Because advisers offer value, farmers are likely to follow their advice, Eanes says.

“Farmers believe these folks understand the agronomics,” he says. Advisers “understand the context, and they’re working in the best interest of the farmer.”

That’s also the experience of Rick Kersbergen ’78, a crop adviser certified by the American Society of Agronomy who specializes in dairy farming in Maine. He says farmers trust the advice they’ve paid to get.

Kersbergen, an extension professor for sustainable dairy and forage systems with the University of Maine Cooperative Extension, has helped Maine dairy farmers go organic in recent years and researched pasture and forage systems for dairy cows, farm safety, and soil health.

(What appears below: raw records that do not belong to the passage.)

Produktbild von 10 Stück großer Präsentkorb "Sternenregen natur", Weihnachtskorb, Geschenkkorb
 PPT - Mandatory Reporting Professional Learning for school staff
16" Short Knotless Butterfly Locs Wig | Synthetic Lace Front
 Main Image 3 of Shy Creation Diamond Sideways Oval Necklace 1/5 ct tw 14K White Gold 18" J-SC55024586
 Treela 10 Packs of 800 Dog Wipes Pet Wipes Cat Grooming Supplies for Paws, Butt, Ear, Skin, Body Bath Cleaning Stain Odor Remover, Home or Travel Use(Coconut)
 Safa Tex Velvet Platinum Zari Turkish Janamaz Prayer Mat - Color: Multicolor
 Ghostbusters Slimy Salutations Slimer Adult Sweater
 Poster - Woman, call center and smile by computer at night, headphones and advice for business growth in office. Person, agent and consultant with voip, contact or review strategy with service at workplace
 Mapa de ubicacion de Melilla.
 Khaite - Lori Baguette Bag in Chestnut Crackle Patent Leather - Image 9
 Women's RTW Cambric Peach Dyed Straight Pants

While he still works directly with dairy farmers, he now also runs seminars, helps would-be crop advisers study for the certification exam, and provides recertification training.

Kersbergen says farmers turn to crop advisers for all manner of farm management decisions.

“The trend has been for farmers to hire crop advisers to provide pest management advice as well as manure, nutrient, and herbicide-pesticide advice,” he says.

Rick Kersbergen ’78 (at left), a professor at the University of Maine Cooperative Extension, visits an organic dairy farm. (Courtesy of Rick Kersbergen)

That influence, Eanes and a team of coauthors found, could be directed to conservation. Before coming to Bates, he completed a postdoctoral fellowship at Purdue University’s National Resource Social Science lab, which has explored more generally how to get farmers to adopt conservation practices.

In collaboration with The Nature Conservancy, the group surveyed farmers in the Saginaw Bay region of Michigan’s Upper Peninsula, where phosphorus and nitrogen from farms can get into waterways and end up in the Great Lakes, creating algae blooms and dead zones.

Crop advisers can and often do help farmers with conservation. The advice is just not framed that way.

They asked the farmers how likely they were to follow crop advisers’ recommendations on “conservation” generally, and how likely they were to follow crop advisers’ recommendations on specific practices that are relevant to other aspects of farm management.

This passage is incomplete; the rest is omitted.